Metro Manila (CNN Philippines, November 25) – The House of Representatives’ ways and means committee approved Monday measures establishing systems for determining tariff and tax exemption rates that will be followed by two proposed government agencies: The Department of Water Resources (DWR) and the Department of Disaster Resilience (DDR).

The panel, chaired by Albay 2nd District Joey Salceda, approved the consolidated measures seeking to establish “fair and reasonable” tariffs, rates and charges to rationalize water resource management and disaster risk reduction.

Section 30 of the bill covering provisions for the water department states that tariffs, rates and charges “will be based on and consistent with a rate-setting methodology.”

The provision noted that proposed taxation will be intended for “reasonable capital and recurrent costs of providing service,” “efficiency of service,” “incentives for enhancement of efficiency,” “equity considerations,” and “administrative simplicity.”

Meanwhile, tax provisions on the disaster resilience department seek to include the Customs Modernization and Tariff Act (CMTA), together with the prevailing provisions of the General Appropriations Act covering national internal revenue taxes and import duties of national and local government agencies.

The same measure amends Section 54 which seeks the grant of tax credits or tax exemptions by the Bureau of Internal Revenue upon the recommendation of the President or the department.

Section 67, on the other hand, grants exemption from taxes and import duties to “encourage members of the private sector to render aid or provide disaster assistance and/or to invest in disaster resilience and climate change adaptation measures for their residence, communities or businesses.”

Local government units may also implement tax rules which would grant disaster victims reasonable reduction, exemption, or deferment of local taxes or other types of tax assessments.

The panel also recommended that the DDR consult the Board of Investments under the Department of Trade and Industry which formulates the Investments Priorities Plan (IPP) to list areas for investments eligible for tax incentives.

Over 35 House bills on the DWR were consolidated last November 12 by the joint panel of the Committee on Government Reorganization and the Committee on Public Works and Highways.

The DWR shall be the primary national agency to implement Presidential Decree 1067, otherwise known as the Water Code of the Philippines and Republic Act 9275 or the Philippine Clean Water Act of 2004.

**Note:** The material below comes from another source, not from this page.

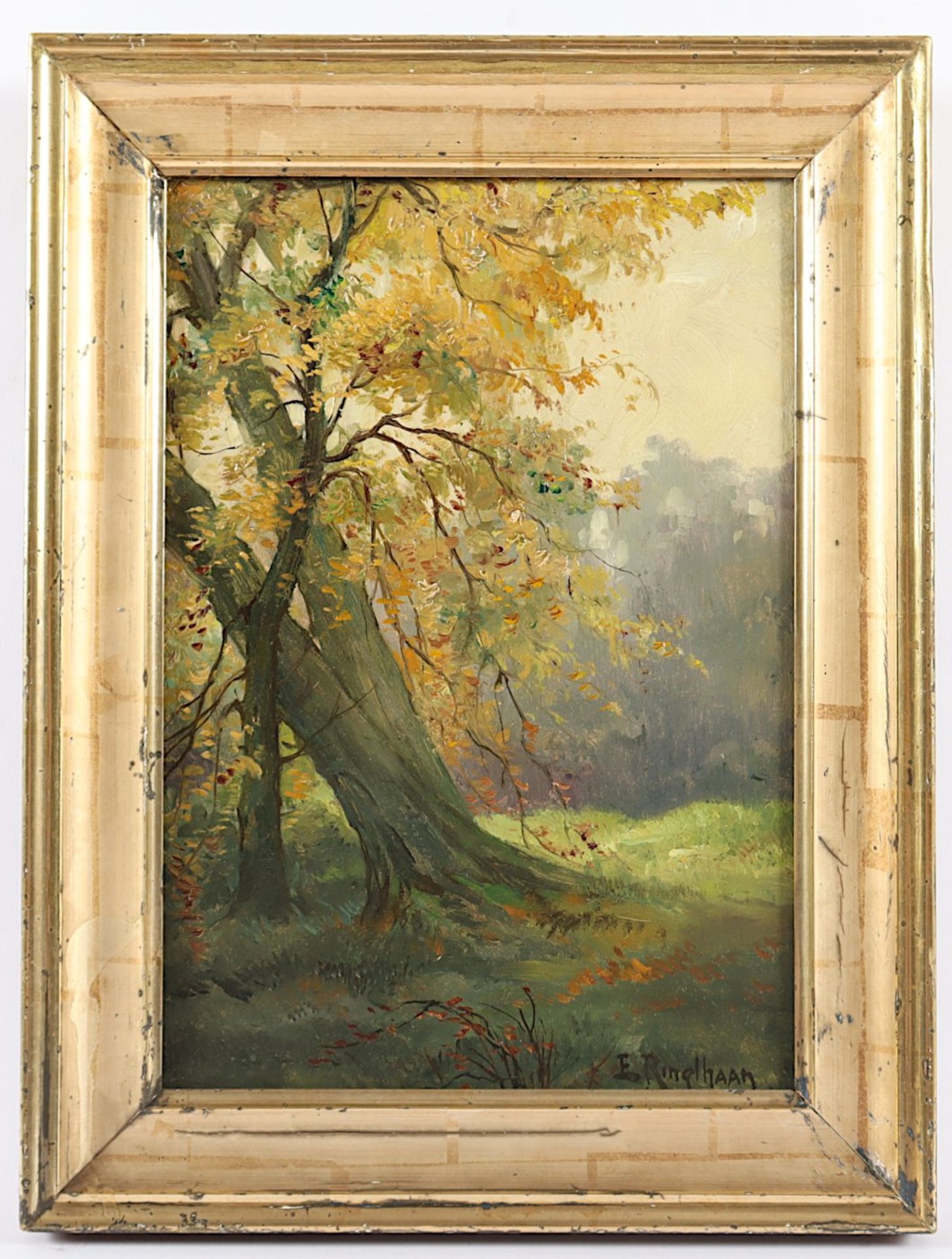 RINGLHAAN, E. (Maler um 1900), - Bild 2 aus 4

The agency will be tasked with implementing a comprehensive water program for the Philippines through policy and resource reforms, ownership and utilization of water resources, construction of water resource projects such as flood control, drainage, dams and management of the waste water system.

Metro Manila Waterworks and Sewerage System, Local Water Utilities Administration, Laguna Lake Development Authority, Pasig River Rehabilitation Commission and National Irrigation Administration will all serve as attached agencies to the DWR.

Meanwhile, at least 20 committee members voted in favor of the unnumbered bill on the creation of DDR last November 20.

The proposed agency will be responsible for leading, managing, and organizing “national efforts to prevent and reduce disaster risks; prepare for and respond to disasters; and recover, rehabilitate and build forward better after the destruction.”

A proposed fund scheme under the DDR raises that only 20 percent of resources will be used for quick response, while the remaining 80 percent will be allotted for climate change adaptation, disaster risk and vulnerability reduction, disaster preparedness, recovery, rehabilitation and anticipatory adaptation.

The DDR will also have a “joint operational supervision” over four major agencies: the Philippines Atmospheric Geophysical and Astronomical Services Administration, the Philippine Institute of Volcanology and Seismology, the Geo-Hazard Assessment and Engineering Geology Section of the Mines and Geosciences Bureau, and the Bureau of Fire Protection.